Three Little Words: Celebrating the 20th anniversary of a landmark equality case
Peter Engelmann celebrates the 20th anniversary of Rosenberg v. Canada
The latest issue of Counterpoint, CUPE’s national quarterly newsletter, celebrates the upcoming 20th anniversary of Rosenberg v. Canada.
Twenty years ago, CUPE employees Nancy Rosenberg and Margaret Evans wanted their partners to be eligible for survivor benefits under the CUPE pension plan. CUPE supported them, and changed the definition of “spouse” in the pension plan to include same-sex couples. But the federal government would not allow the amendments to be registered under the Income Tax Act because the Act’s definition of “spouse” excluded same-sex couples.

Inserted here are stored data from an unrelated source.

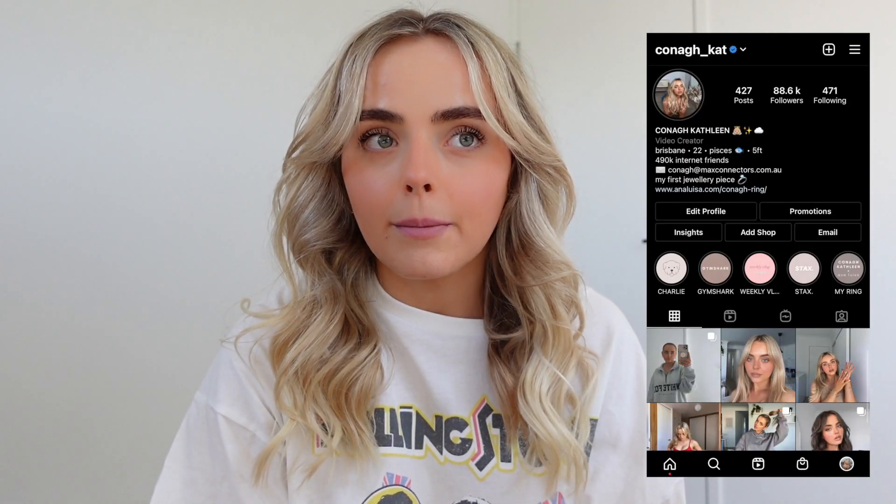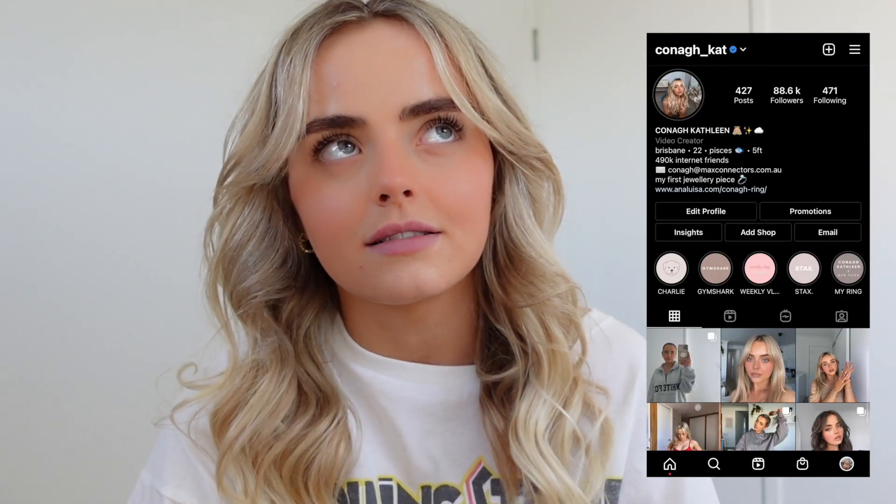Hey guys, it's Conagh and welcome back to my channel. Today we're doing a Princess Polly haul. I'm so excited because summer's around the corner — it's been so hot lately in Brisbane, like 26 degrees. I've got some really cute pieces to show you. Please subscribe if you haven't already because we're so close to half a million, and follow me on Instagram where we're close-ish to 100K.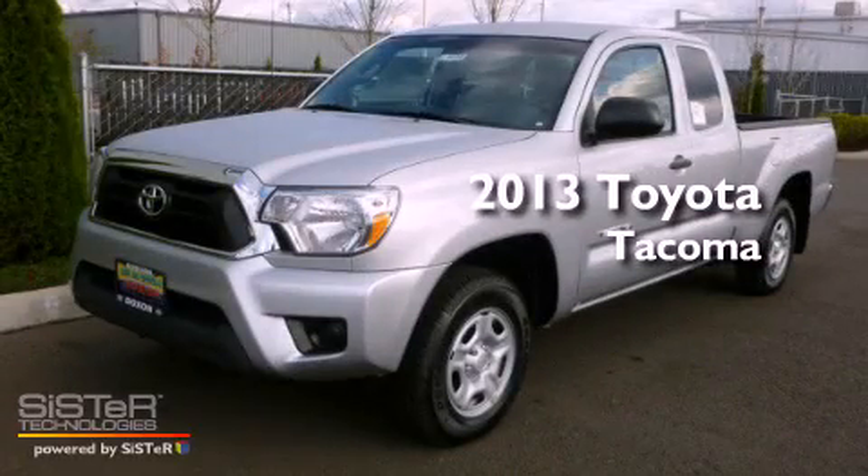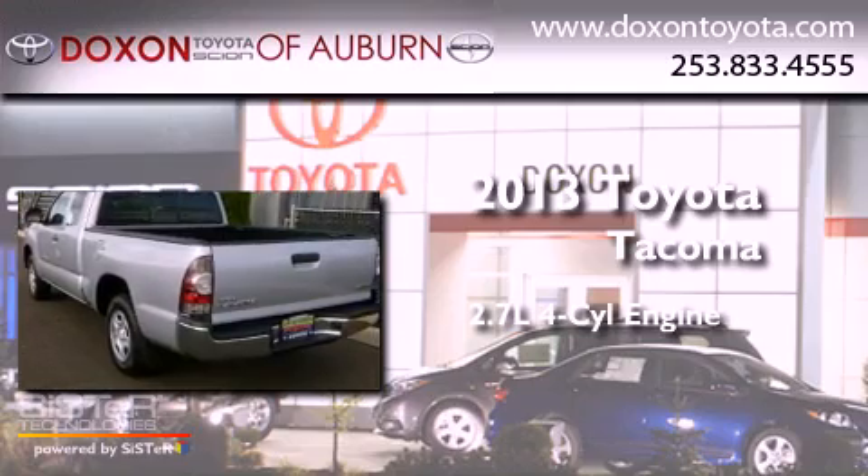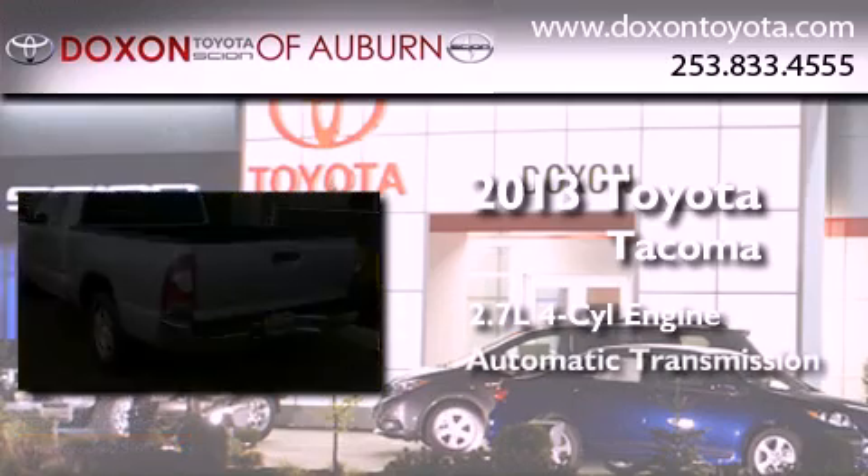This is a brand-new 2013 Toyota Tacoma. It features a 2.7-liter four-cylinder engine and an automatic transmission.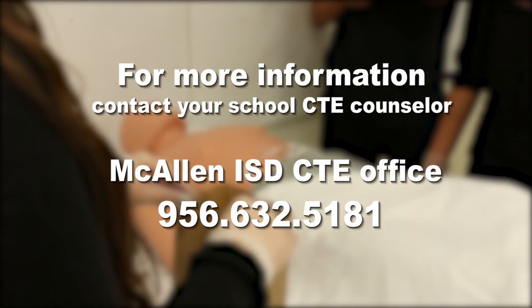For more information, contact your school CTE counselor or call the McAllen ISD CTE office at 956-632-5181.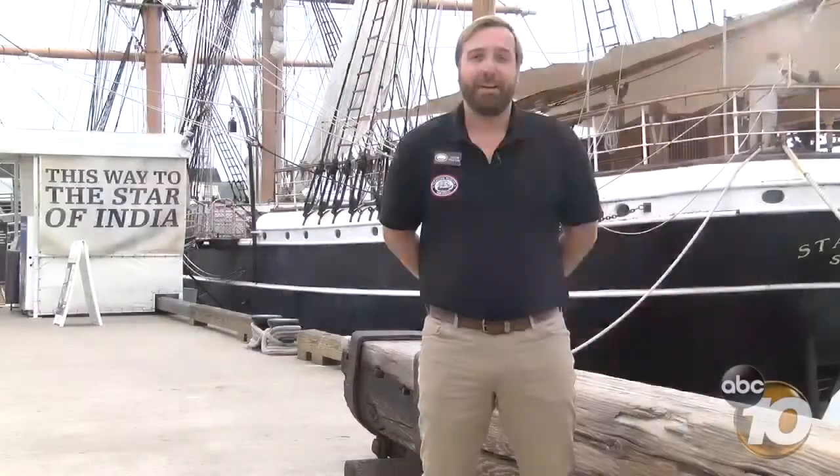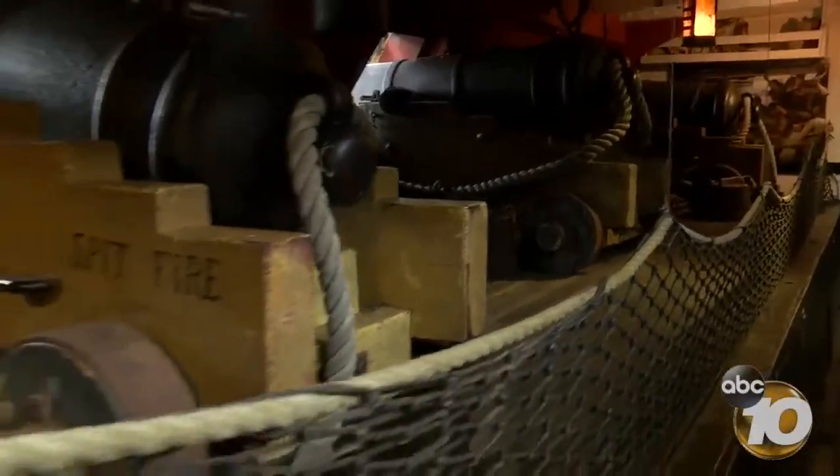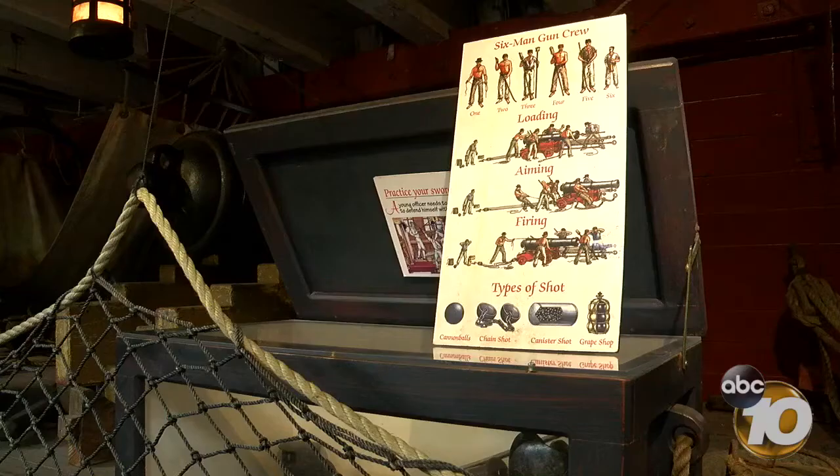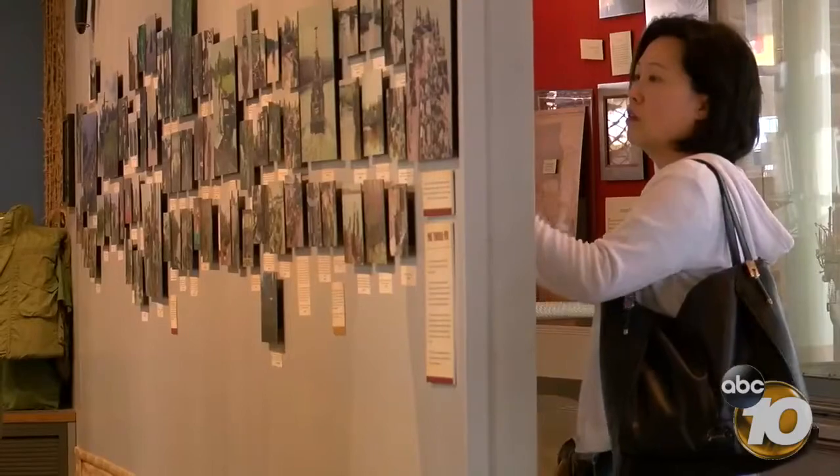Lots of people when they come up for the first time, their first reaction is pirate ships — really cool, right? But we actually are quite a bit more than just pirate ships. None of our vessels were actually ever pirate ships. We like to consider ourselves a collection of maritime technology throughout the ages.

Counterpoint recounts Nancy’s and Margaret’s decision to challenge that definition under s. 15 of the Canadian Charter of Rights and Freedoms, and traces the progression of the case to the Ontario Court of Appeal. Victory came in April 1998:
In April of 1998, the Ontario Court of Appeal ruled that the words “or same sex” be read into the Income Tax Act definition of spouse for pension plans. These three little words marked a massive victory for lesbian and gay rights – and fueled the growing movement for equality for gays and lesbians across the country.
Nancy and Margaret were represented by Peter Engelmann, who told Counterpoint:
“By that point in time, I had been doing human rights law since the mid-1980s and it really felt like we – because it was a combined effort – that we had advanced the law,” he says. “It was wonderful to work with an employer that was progressive and wanted to be inclusive in its pension plan. I was elated for Nancy and Margaret – and also for gay men and lesbians who were in relationships and wanted to leave retirement benefits to their spouses.”
The victory was long in the making, Peter says, since the appeal decision was the deciding chapter in a series of related legal cases that did not conclude favourably over the course of the early-to-mid-1990s. But Nancy’s and Margaret’s case was different.
“It was because CUPE, as their employer, was trying to register its pension plan to allow same-sex spouses to receive benefits. CUPE was driving the litigation, and this made all the difference.”
CUPE’s support was key, as was the fact that Peter and his team were in front of a very “good bench” of progressive, active and intellectual judges who had loads of questions and were very engaged, he recalls. He says he had a very good feeling about it.
Still, with so much to celebrate, there is more to be done, Peter says.
“The LGBTTQI community is doing tremendous work on transgender rights and there is a lot of work that needs to be done,” he says. “Some of the worst cases of harassment I’ve ever been involved in as a labour lawyer, involve transgender individuals.”